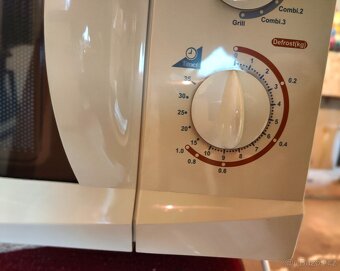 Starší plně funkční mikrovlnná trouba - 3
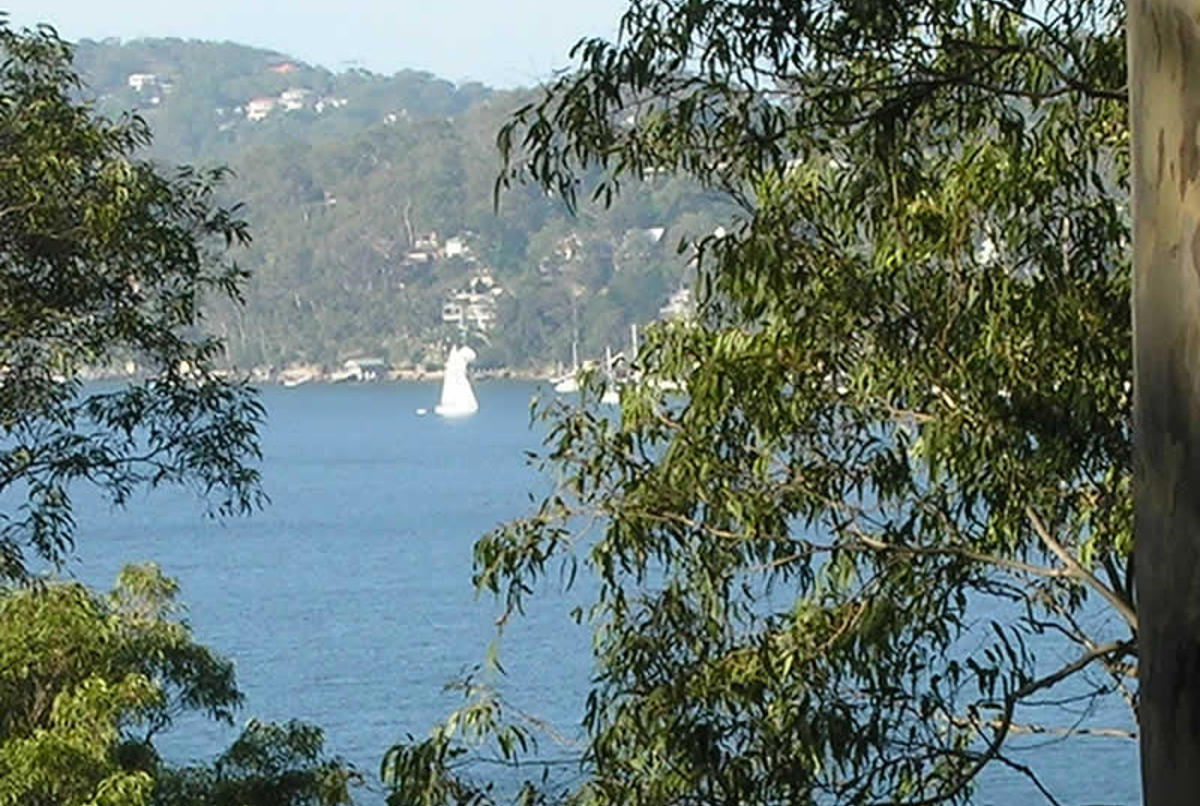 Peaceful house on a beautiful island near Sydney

* * *

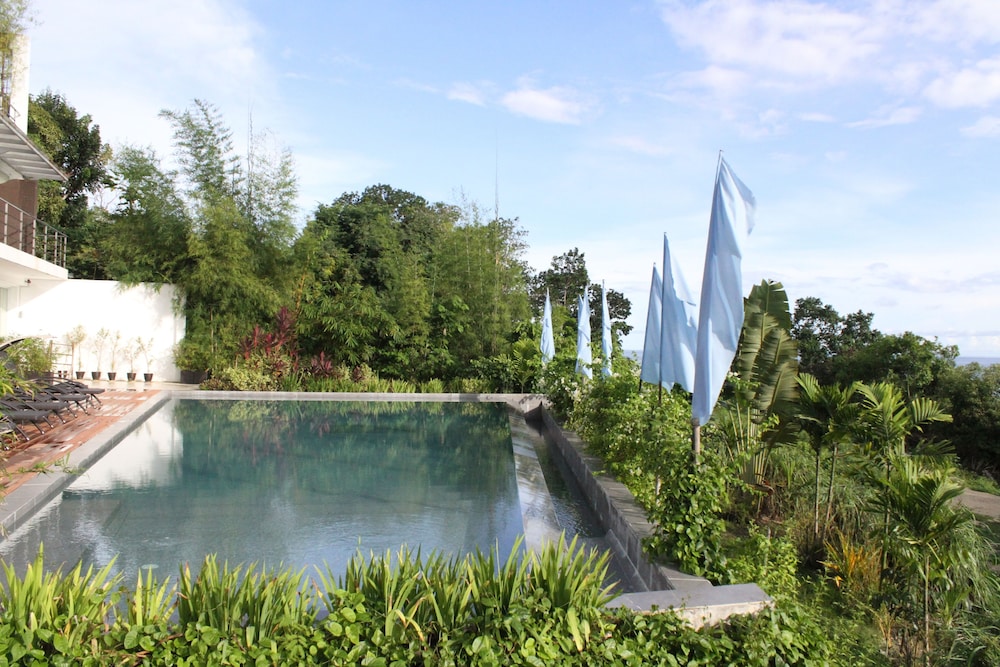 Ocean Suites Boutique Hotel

* * *

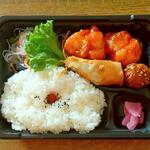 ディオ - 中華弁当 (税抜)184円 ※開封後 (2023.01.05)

» PROMPT: Lines from the one above containing "Starší plně funkční mikrovlnná trouba - 3" down to the one containing "Peaceful house on" should be transcribed exactly, with both ends kept and no pictures.

» SOLUTION BELOW:
 Starší plně funkční mikrovlnná trouba - 3
 Peaceful house on a beautiful island near Sydney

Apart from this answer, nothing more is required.